LAKE MACBRIDE— After completion of the Sept. 19 storm cleanup, the monetary cost will be $230.50, including hiring an arborist to tend to two trees and a construction company to repair the fascia on the southwest corner of the house. It was not much, and a lot less expense than others in the neighborhood experienced.
I avoided the cost of disposing of the fallen branches by cutting them into two types: firewood to be sold, and brush to be burned. The cost is in time, with one or two more four hour sessions of cutting ahead, and at least two more burns when the wind dies down. We’ll evaluate the condition of the damaged trees and lilac bushes and make adjustments after the burning is finished. With pruning, the lilacs can be saved.
Beside our checking account and labor, and a share of the bill for the damage in our subdivision, another toll from the storm lingers— the idea that this worst in 20 years weather event, coupled with recent severe drought and terrible flooding, is just the beginning of the effects of climate change on our lives.
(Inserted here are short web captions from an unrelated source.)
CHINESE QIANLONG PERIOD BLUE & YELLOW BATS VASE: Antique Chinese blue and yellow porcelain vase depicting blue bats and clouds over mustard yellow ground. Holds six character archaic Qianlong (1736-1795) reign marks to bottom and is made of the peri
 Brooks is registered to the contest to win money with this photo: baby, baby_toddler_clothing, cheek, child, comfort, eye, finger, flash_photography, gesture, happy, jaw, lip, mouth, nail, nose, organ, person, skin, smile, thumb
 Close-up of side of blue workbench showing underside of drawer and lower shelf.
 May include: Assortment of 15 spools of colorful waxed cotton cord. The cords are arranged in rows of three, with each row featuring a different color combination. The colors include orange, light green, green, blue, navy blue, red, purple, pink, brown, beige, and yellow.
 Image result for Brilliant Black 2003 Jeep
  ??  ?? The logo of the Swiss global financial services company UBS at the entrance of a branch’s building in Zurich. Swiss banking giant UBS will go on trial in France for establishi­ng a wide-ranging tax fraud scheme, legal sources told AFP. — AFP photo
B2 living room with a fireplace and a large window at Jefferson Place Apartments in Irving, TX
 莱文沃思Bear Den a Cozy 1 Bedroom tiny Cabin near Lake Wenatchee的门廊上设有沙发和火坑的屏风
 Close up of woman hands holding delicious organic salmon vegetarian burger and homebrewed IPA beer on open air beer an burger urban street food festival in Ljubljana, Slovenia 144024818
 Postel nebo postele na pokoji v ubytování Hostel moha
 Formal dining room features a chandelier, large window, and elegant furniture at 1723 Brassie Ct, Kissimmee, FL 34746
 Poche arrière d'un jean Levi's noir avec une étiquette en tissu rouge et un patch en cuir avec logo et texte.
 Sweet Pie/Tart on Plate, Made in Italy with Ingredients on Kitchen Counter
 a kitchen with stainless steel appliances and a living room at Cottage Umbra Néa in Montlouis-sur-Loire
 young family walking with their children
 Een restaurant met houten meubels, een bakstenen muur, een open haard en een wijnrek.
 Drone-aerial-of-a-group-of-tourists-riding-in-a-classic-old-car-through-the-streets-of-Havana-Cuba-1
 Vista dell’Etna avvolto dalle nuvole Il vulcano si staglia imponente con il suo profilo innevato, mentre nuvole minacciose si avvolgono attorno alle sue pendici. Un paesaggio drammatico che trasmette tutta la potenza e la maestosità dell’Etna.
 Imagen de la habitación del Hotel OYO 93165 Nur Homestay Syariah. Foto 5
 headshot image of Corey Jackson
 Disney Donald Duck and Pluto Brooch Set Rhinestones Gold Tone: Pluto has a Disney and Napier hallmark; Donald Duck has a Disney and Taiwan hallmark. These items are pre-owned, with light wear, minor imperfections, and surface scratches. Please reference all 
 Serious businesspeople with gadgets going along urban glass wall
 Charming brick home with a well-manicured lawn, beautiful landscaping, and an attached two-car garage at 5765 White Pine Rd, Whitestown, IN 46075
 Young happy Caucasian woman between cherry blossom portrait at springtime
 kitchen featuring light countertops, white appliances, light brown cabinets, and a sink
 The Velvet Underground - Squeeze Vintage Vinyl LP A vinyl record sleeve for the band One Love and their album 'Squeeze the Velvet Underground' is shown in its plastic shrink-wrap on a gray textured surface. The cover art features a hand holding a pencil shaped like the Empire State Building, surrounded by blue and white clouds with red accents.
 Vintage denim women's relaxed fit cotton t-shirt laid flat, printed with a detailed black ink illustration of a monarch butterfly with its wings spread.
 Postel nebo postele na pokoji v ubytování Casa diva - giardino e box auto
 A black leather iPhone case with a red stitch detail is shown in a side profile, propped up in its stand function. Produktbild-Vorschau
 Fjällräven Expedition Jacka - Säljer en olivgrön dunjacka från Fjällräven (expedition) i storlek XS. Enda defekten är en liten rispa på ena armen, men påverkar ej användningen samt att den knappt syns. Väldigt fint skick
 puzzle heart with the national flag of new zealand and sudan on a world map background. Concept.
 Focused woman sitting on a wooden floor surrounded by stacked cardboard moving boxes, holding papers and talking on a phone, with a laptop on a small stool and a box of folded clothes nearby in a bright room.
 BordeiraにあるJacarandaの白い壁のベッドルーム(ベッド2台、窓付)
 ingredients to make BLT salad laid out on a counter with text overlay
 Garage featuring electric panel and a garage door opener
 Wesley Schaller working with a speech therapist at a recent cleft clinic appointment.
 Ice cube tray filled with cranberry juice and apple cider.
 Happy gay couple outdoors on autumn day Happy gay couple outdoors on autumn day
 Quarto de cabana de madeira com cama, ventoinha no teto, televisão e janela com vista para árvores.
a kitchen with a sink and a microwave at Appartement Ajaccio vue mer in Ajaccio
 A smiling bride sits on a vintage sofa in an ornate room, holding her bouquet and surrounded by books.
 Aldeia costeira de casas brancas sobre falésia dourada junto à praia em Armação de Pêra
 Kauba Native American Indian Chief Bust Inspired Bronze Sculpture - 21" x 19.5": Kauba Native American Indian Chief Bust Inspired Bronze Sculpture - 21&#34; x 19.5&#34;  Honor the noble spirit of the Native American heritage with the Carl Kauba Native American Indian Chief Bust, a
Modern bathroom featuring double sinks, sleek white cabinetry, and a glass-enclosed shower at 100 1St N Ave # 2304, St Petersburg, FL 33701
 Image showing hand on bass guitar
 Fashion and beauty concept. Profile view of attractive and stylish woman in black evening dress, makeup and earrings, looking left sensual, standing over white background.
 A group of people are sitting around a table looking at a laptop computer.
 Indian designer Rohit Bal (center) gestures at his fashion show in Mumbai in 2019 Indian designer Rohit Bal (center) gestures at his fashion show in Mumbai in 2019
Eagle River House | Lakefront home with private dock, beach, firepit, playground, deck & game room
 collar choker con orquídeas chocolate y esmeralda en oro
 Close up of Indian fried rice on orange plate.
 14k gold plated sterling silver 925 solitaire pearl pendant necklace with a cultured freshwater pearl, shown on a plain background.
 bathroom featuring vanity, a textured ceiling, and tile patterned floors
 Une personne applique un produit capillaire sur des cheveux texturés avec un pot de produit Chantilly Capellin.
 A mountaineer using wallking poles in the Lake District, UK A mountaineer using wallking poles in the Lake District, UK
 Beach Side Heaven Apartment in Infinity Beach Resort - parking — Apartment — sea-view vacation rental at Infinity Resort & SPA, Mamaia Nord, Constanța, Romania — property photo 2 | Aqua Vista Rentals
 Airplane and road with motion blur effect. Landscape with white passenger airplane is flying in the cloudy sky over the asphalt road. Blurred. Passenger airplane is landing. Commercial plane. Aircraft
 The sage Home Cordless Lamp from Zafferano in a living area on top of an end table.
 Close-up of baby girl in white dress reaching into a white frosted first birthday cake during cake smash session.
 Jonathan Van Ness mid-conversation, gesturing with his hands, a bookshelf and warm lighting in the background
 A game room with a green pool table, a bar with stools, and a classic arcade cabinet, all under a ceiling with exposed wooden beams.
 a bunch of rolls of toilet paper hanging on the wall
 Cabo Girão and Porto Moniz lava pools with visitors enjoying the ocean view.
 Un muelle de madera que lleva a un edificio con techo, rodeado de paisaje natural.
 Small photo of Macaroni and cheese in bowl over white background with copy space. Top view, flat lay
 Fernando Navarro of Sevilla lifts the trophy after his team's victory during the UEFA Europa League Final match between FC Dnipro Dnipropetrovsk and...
Whatever severe weather we might have had was intensified by the effects of global warming. That a monetary value can be assigned is a sign of things to come.
Farm and newspaper work continues over the weekend, so the cleanup will wait until next week. Cleanup displacing other things to be done to advance our socioeconomic status in Big Grove. The storm cleanup reinforces the idea that climate change is real and happening now. We need to do something to protect what we hold dear, we can’t be effective alone, and the time to act is now.